Straight Outta Star Trek

This abstract talks about inertial mass. Actually it talks about changing inertial mass, in an isolated object (four different spacecraft, to be precise). This is something that just doesn’t happen, except in Star Trek when Q is around.

It’s the same kind of everyday magic as slowing down light and teleporting photons.

Can the flyby anomalies be explained by a modification of inertia?
The flyby anomalies are unexplained velocity increases of 3.9, 13.5, 0.1 and 1.8 mm/s observed near closest approach during the Earth flybys of the Galileo, NEAR, Cassini and Rosetta spacecraft. Here, these flybys are modelled using a theory that assumes that inertia is caused by a form of Unruh radiation, modified by a Hubble-scale Casimir effect. This theory predicts that when the craft’s accelerations relative to the galactic centre approached zero near closest approach, their inertial masses reduced for about 10^-7 s[.]

So for a tiny fraction of a second, one of the basic physical properties of Galileo, NEAR, Cassini and Rosetta all changed. The observed effect of this change what the heretofore unexplained acceleration of these spacecraft, which in the cases of the older, more distant Pioneer spacecraft, amounts to hundreds of thousands of miles.

Universe Today has a good layman’s explanation.

The Unruh effect, put simply, suggests that accelerating bodies experience a type of electromagnetic radiation.
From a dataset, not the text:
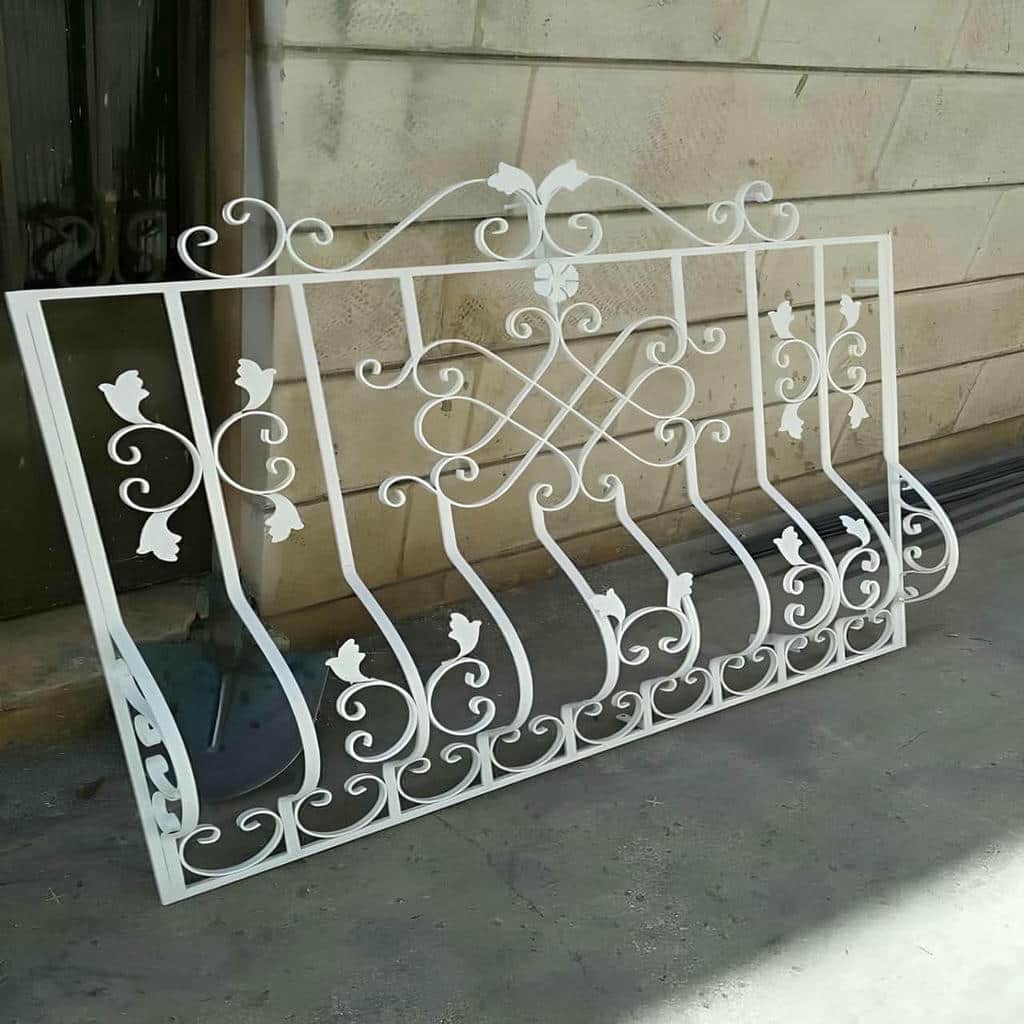 قیمت حفاظ پنجره ویلا ساده در سنندج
At very low acceleration, the wavelength emitted will be so large that a whole wavelength will be longer than the dimensions of the Universe (otherwise known as the Hubble Distance). Low acceleration would therefore generate waves that have no effect on the body. However, should the accelerating body (i.e. Galileo getting accelerated by Earth’s gravity during the 1990 flyby) slowly exceed an acceleration threshold, the Unruh radiation will decrease in wavelength (smaller than the Hubble Distance), causing a tiny, but measurable “boost” to its increasing velocity.

Well, this may not be the final answer, but it sure is intriguing.